Setting Up Auto Scaling

Cloud Manager integrates with Oracle Data Science services to take advantage of machine learning techniques. This enables Cloud Manager to learn from past usage and detect the current state and take corrective action if any, so that your users experience smooth, reliable performance.

Auto Scaling Prerequisites

Prerequisites include:

Subscription to Oracle Data Science.
Set up Data Science in OCI.
See the tutorial Create Data Science Resources for Auto Scaling in Cloud Manager (Optional) at https://docs.oracle.com/en/applications/peoplesoft/cloud-manager/index.html#InstallationTutorials.
Configure Data Science in Cloud Manager Settings.
See Data Science Settings Page
Enable Monitoring Flag in Cloud Manager Settings Page.
See Cloud Manager Settings Page

Setting Up the Target Managed Instance

The environment that is managed by the auto scaling policy must meet these requirements:

Target managed instance must include OpenSearch (or Elasticsearch) instance with OpenSearch Dashboards (or Kibana).
Note: The search server machine (OpenSearch or Elasticsearch) should have network access to connect to OCI telemetry (monitoring) API. The custom image used for OpenSearch or Elasticsearch must include OCI Python SDK. The Marketplace Linux image includes the OCI Python SDK.
See Infrastructure Settings Page.
Target managed instance must be on PeopleTools 8.58 or above.
Enable Monitoring on the target managed instances.
There are several ways to enable monitoring for an environment:
- Enable monitoring on the template used to create the environment.
  See Environment Template – Select Topology Page
- Enable monitoring after the environment is created.
  See Monitoring Environments
This starts collecting performance data and indexes that information in an OpenSearch (or Elasticsearch) instance.
Train the system with a minimum load of typical business transactions for at least 3 or 4 weeks in order to collect enough samples for prediction.
Note: When the number of database connections exceeds the number of available processes, the connection may fail intermittently, resulting in ORA-12520 error. This error can be resolved by increasing the value of process parameter.
See Intermittent TNS-12520 or TNS-12519 or TNS-12516 Connecting via Oracle Net Listener (Doc ID 240710.1) and JDBC Connections Fail with ORA-12520 (Doc ID 2660207.1) for more information.
ECL_DATA_UPD runs weekly to collect performance data for the instance and pushes the performance data to the Object Storage bucket.
ECL_ML_JOBS runs weekly to pull this performance data, train the model and publish the Machine Learning Model in Data Science.

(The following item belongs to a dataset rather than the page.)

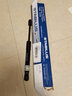 Stabilus適用馬自達6睿翼M6轎跑馬M2馬M3CX-4 CX-5后備箱行李箱液壓支撐桿 馬自達3三廂(06~10款)后備箱撐桿 曬單實(shí)拍圖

Adding Auto Scaling Policy

Once the Data Science model is trained, define the auto scaling policy.

For an auto scale policy, use the following:

Field	Value
Policy Object	Environment
Policy Type	Event
Event Name	ScaleUp (positive anomaly) or ScaleDown (negative anomaly)
Policy Conditions	Select the environments by name or tag.

Field or Control	Description
Scale Type	Select Scale Type: Auto Scale System will automatically scale when a positive or negative anomaly is detected. Notification System will send the user a notification, which can also be viewed in the notifications alert window.The user must manually take corrective action based on the notification.
Nodes to Scale	Number of nodes to be scaled. Set to Auto when deploying an auto scale policy.
Scale Limit	For a ScaleUp policy set this field to the maximum number of nodes that can exist in the environment. For a ScaleDown policy set this field to the minimum number of nodes that should remain on the environment.
Day 01 (Monday) through Day 07 (Sunday)	Select the desired number of nodes for the day.
Application Server Domain	Select Yes to scale Application Server Domain. (Required)
Process Scheduler Domain	Select Yes to scale Process Scheduler Domain.
PIA Domain	Select Yes to scale PIA Domain.

Detecting Anomaly

When environment monitoring is enabled, Cloud Manager will send performance data every 5 minutes to Data Science prediction API.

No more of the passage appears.